3. Format the USB flash drive partition
mkdosfs -F 32 -n "RESCUE701" /dev/sdX1
It is crucially important that the label of the partition is "RESCUExyz" with x.yz being the version number of System Rescue you are putting on the flash drive. This label is used to find the root file system. If you are upgrading a flash disk from a previous System Rescue version, fatlabel /dev/sdX1 RESCUExyz
will do.
4. Copy over files
Mount the partition created in step 3 above, e.g. to /mnt/RESCUE701
.
Copy the boot
, EFI
and sysresccd
directories from the (extracted) ISO over to the root of your flash drive partition.
5. Install grub for EFI mode boot
grub-install --target=x86_64-efi --recheck --removable --efi-directory=/mnt/RESCUE701/ --boot-directory=/mnt/RESCUE701/boot/
This will install your OS version of grub to the USB flash drive in EFI mode.
Copy boot/grub/grubsrcd.cfg
from the extracted ISO (or the Flash drive, it is there already) to /mnt/RESCUE701/boot/grub/grub.cfg
renaming the file. That way your grub will find the config prepared by the System Rescue developers, too.
6. Install syslinux for BIOS mode boot
You may need apt install syslinux
if you don't have syslinux installed already.
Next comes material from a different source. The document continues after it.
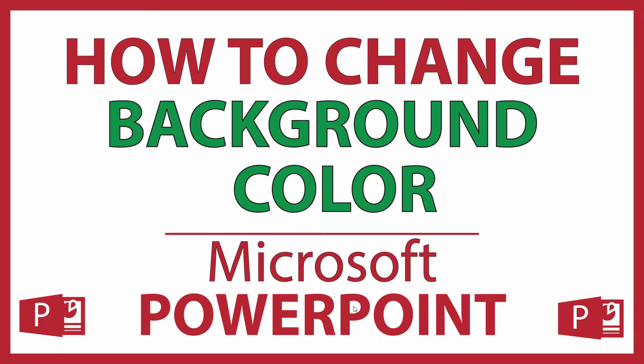This is going to be a video tutorial on how to change the background color in Microsoft PowerPoint. I will be using Office 365 on a desktop PC for this. Let me jump over to PowerPoint here.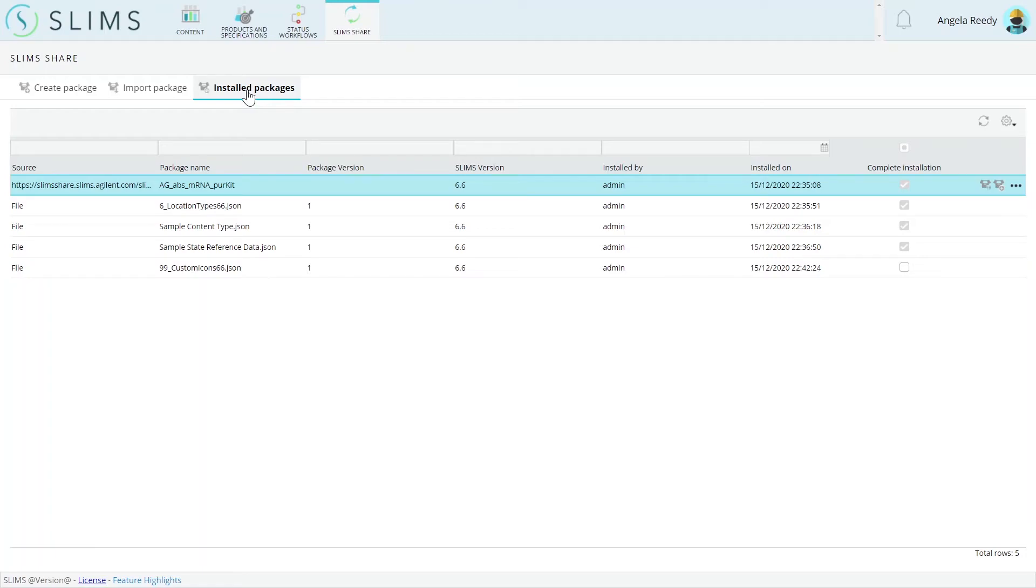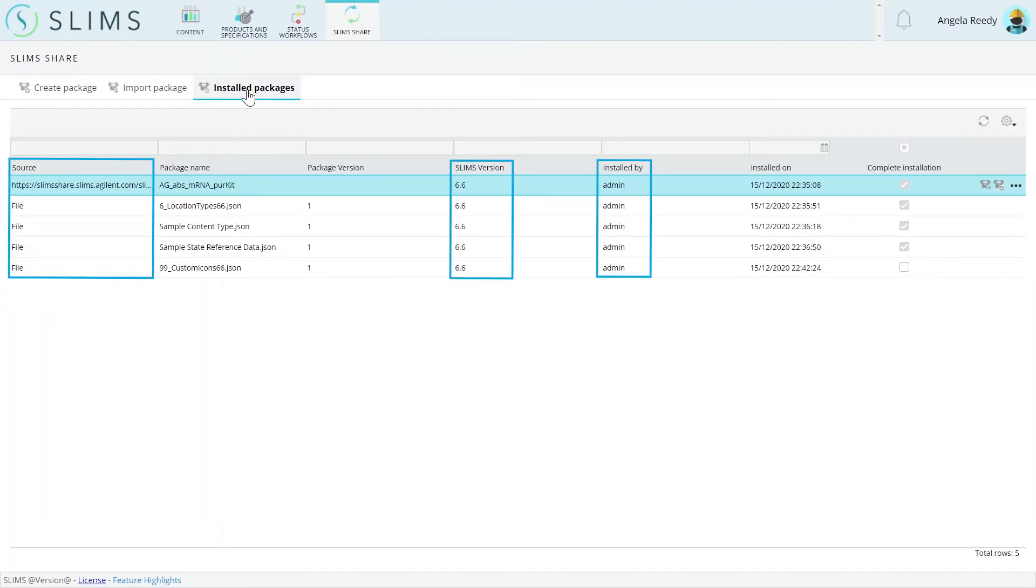The Installed Packages tab exposes details about packages that were already installed, so you can see where they came from, who installed them, what the package version was, and whether they were completely installed.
Install syslinux on the USB flash drive partition:
syslinux -i /dev/sdX1
Copy isolinux/isolinux.cfg
from the extracted ISO to /mnt/RESCUE701/syslinux.cfg
renaming the file.
Overwrite the boot code in the MBR with the one from syslinux:
dd bs=440 count=1 conv=notrunc if=/usr/lib/syslinux/mbr/mbr.bin of=/dev/sdX
You may want to uncomment the "Hardware Information (HDT)" section in
/mnt/RESCUE701/sysresccd/boot/syslinux/sysresccd_tail.cfg
to enable that feature. Just because you can .
Unmount the flash drive and try booting from it in BIOS mode and UEFI mode. Both should™ work.
If you see messages like "Secure Boot forbids loading module" ... you need to (temporarily) disable secure boot.
The upstream bug report has an info on how to enable secure boot if you really need it. But this alters the system that you are debugging, so disabling secure boot is probably better where you can.
I hope this will be good for two or so years again.